> Try it: Directions for the data below: repeat exactly the lines from the one with "2015 Ford F-350SD XL" through the one with "2018 jeep compass", both included, and omit all pictures.

> Input data:

——————————

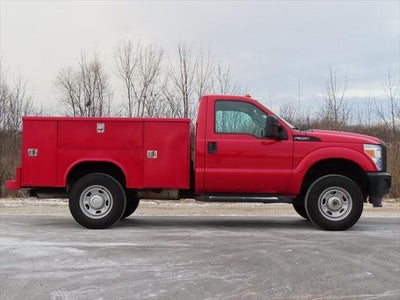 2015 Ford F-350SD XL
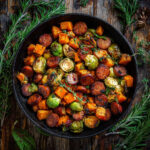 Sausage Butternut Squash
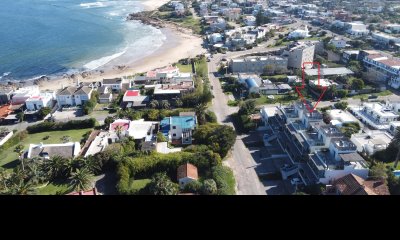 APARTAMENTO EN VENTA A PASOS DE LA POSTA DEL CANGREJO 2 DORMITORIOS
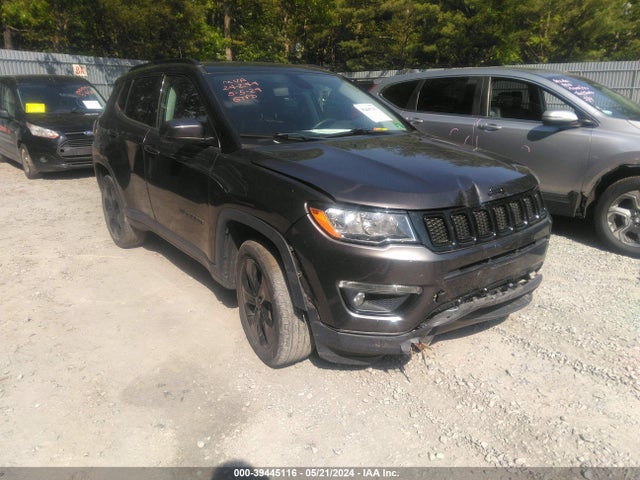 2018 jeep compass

——————————

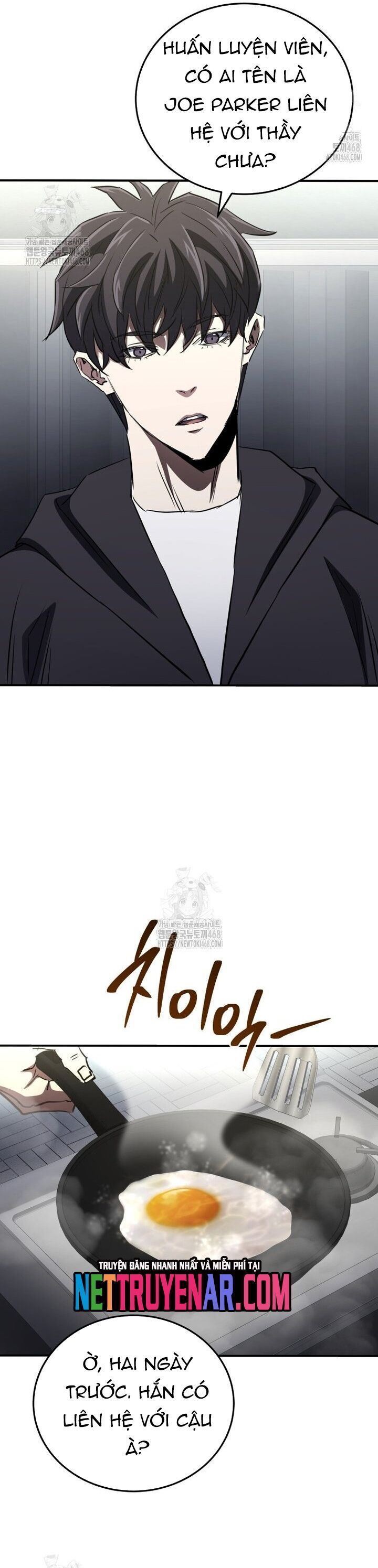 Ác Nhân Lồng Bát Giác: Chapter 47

——————————

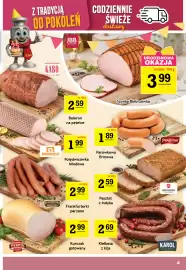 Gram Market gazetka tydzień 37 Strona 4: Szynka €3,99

——————————

> Answer box:
 2015 Ford F-350SD XL
 Sausage Butternut Squash
 APARTAMENTO EN VENTA A PASOS DE LA POSTA DEL CANGREJO 2 DORMITORIOS
 2018 jeep compass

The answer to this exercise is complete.